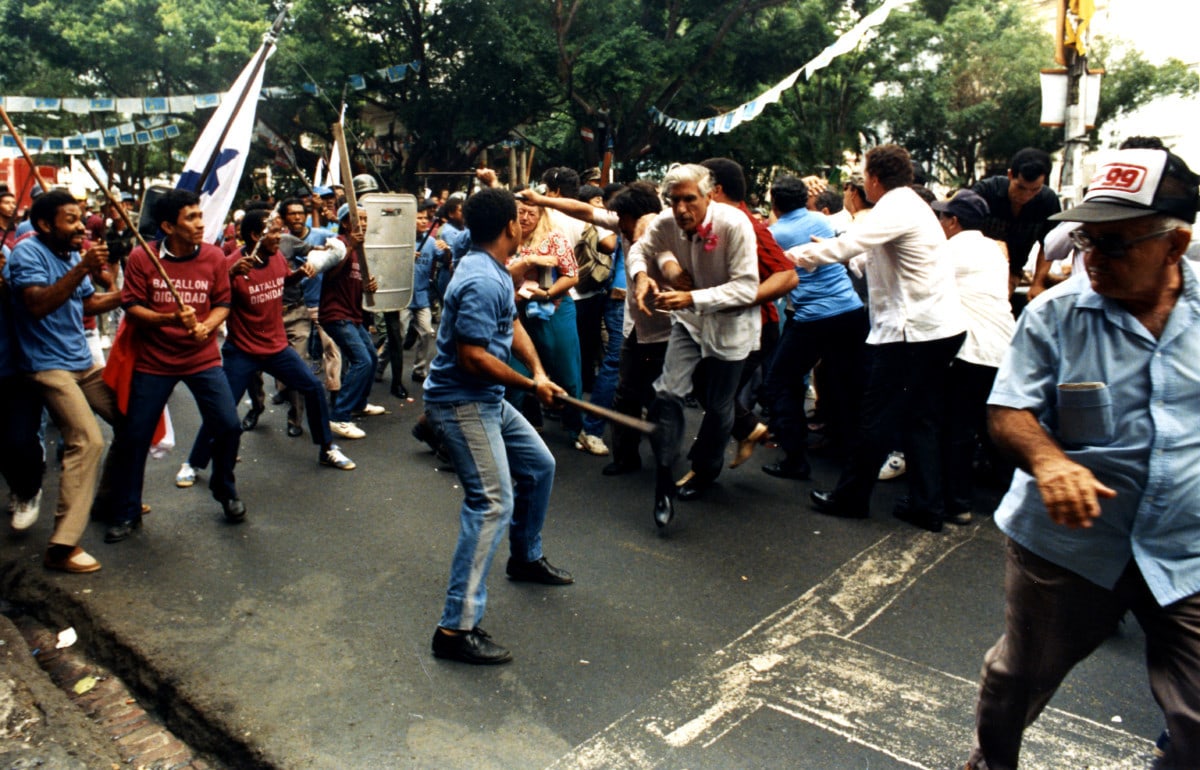 Protests in Panama 1989 (Photo by Ron Haviv/VII Agency)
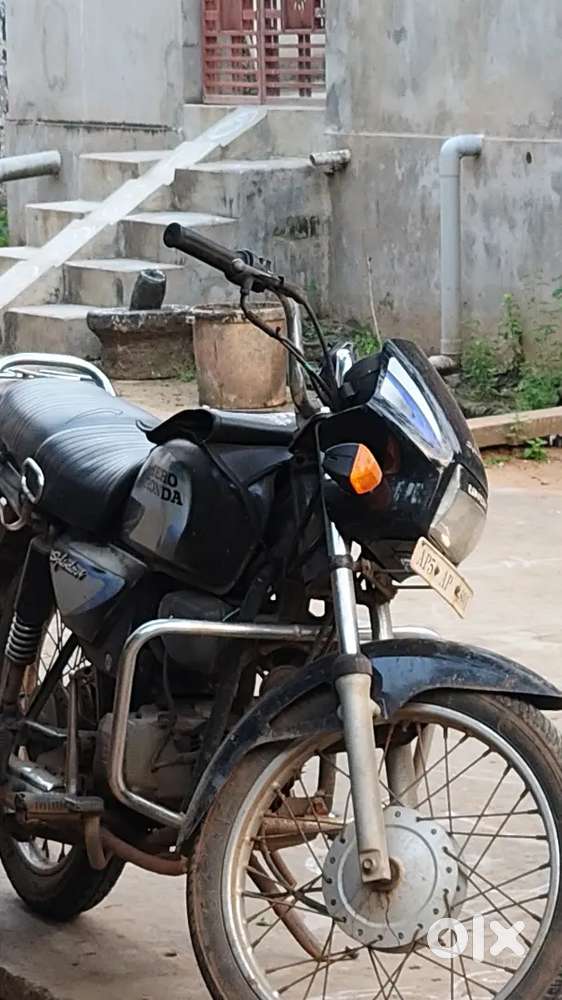 Hero honda Splendor bike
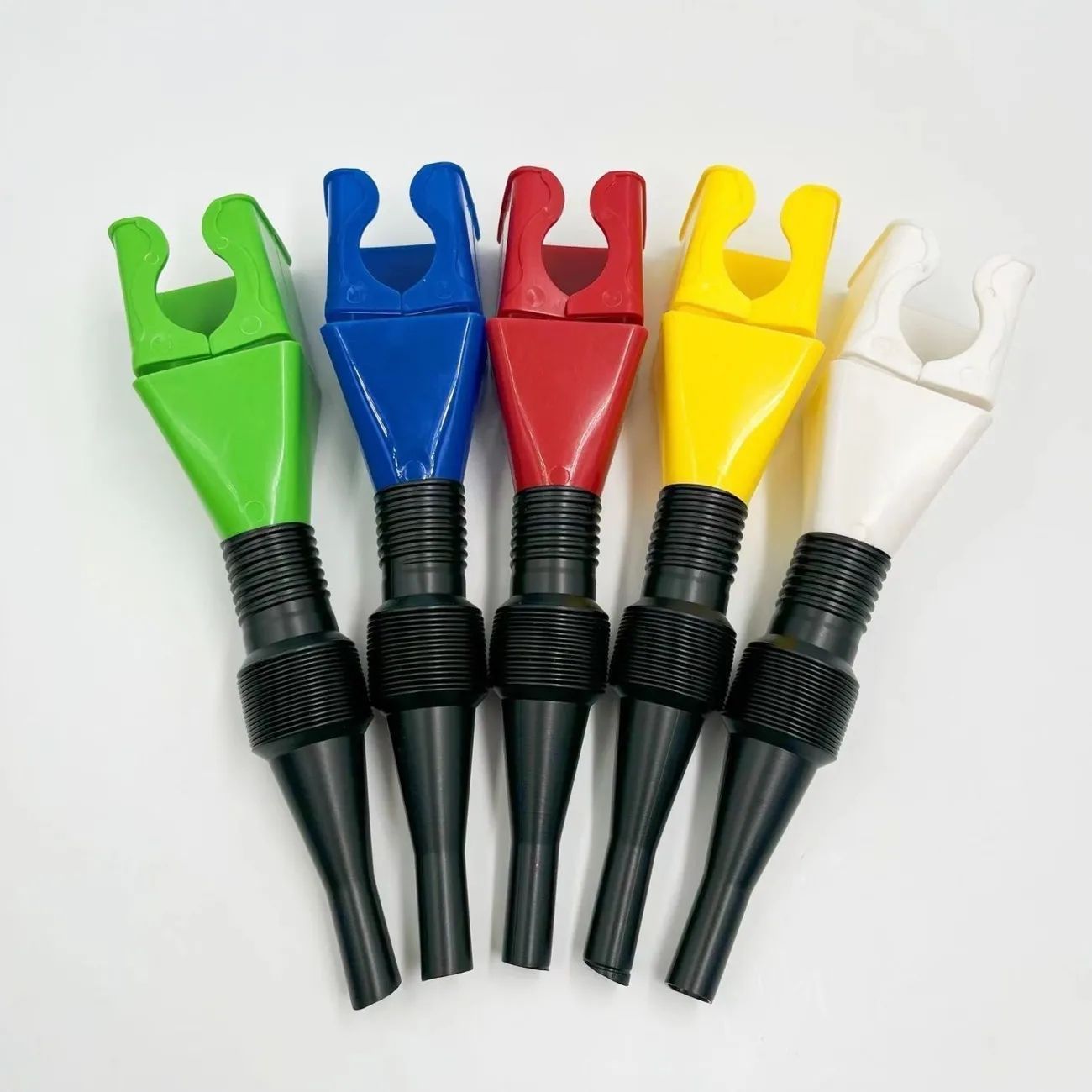 [1] oil pouring free convenient refueling funnel square thick buckle car tanker oil pouring artifact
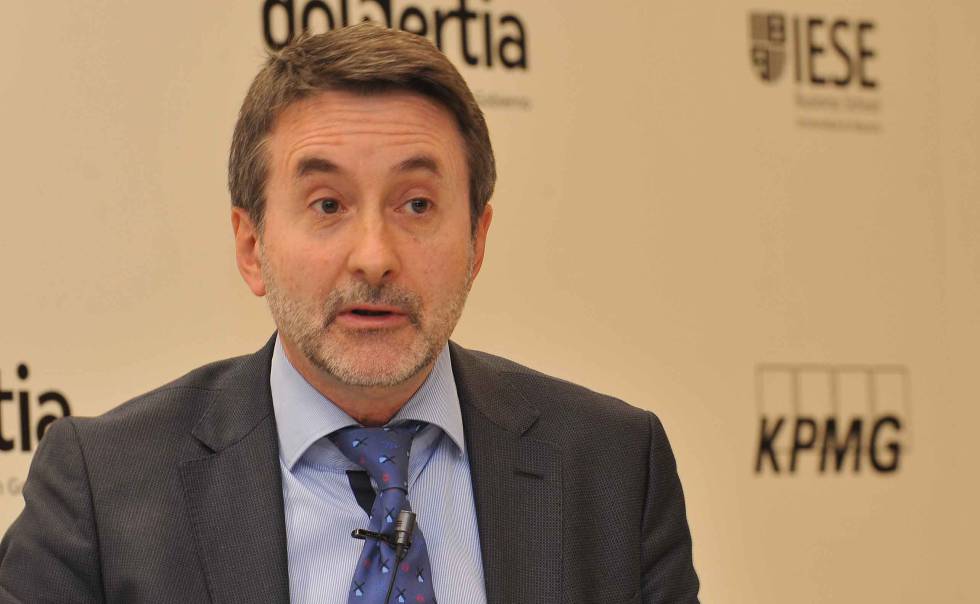 Albella urge a las cotizadas a ser claras en sus comunicaciones a la CNMV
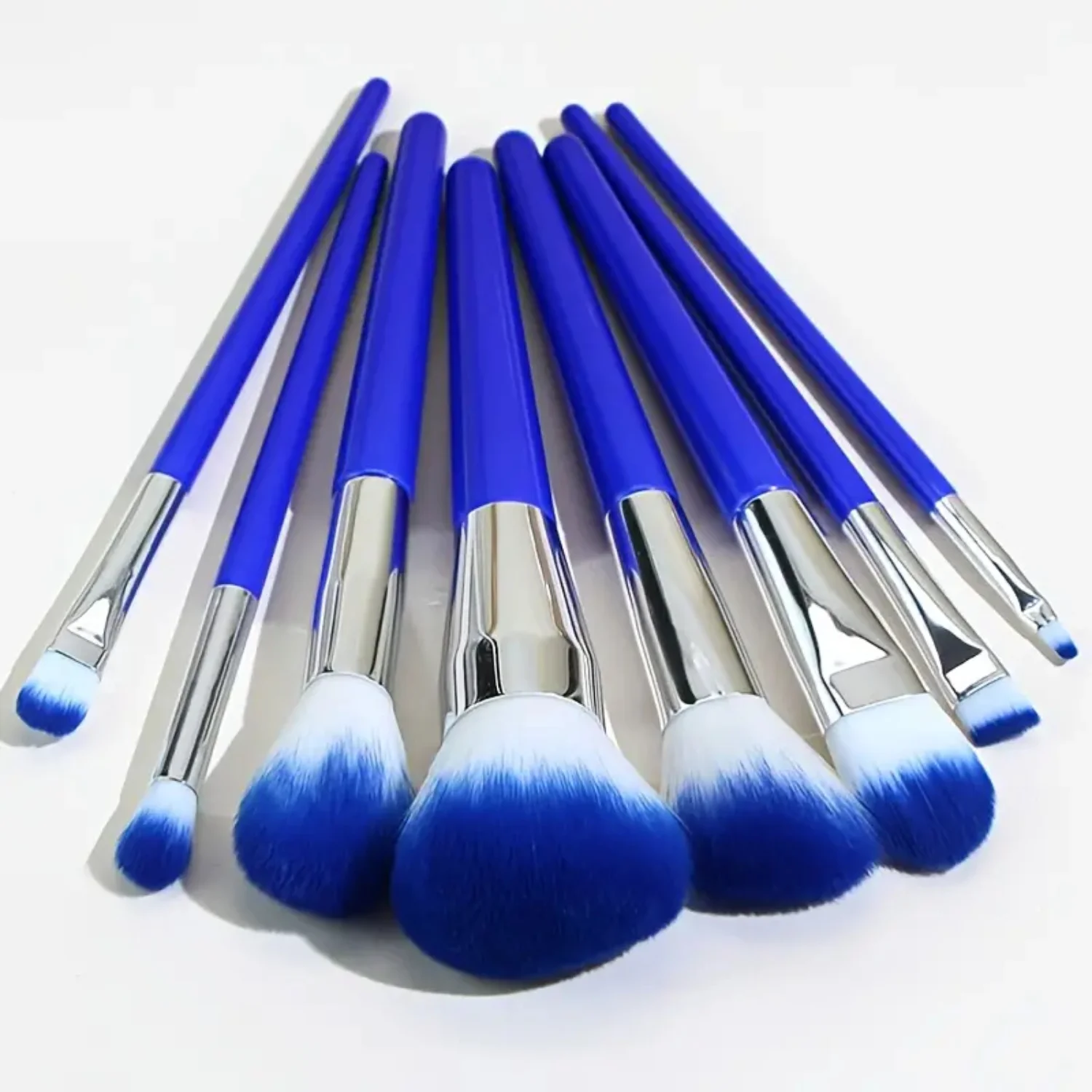 

Professional 8pcs Makeup Brush Set with Two-Tone Handles, Ideal for Foundation, Powder, Contour, Concealer, Eyeshadow Blending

━━━━━━━━

▶ [WHAT IS BEING ASKED]: All of the material above should be reproduced exactly, except the pictures.

▶ [THE ANSWER]:
 Protests in Panama 1989 (Photo by Ron Haviv/VII Agency)
 Hero honda Splendor bike
 [1] oil pouring free convenient refueling funnel square thick buckle car tanker oil pouring artifact
 Albella urge a las cotizadas a ser claras en sus comunicaciones a la CNMV

Professional 8pcs Makeup Brush Set with Two-Tone Handles, Ideal for Foundation, Powder, Contour, Concealer, Eyeshadow Blending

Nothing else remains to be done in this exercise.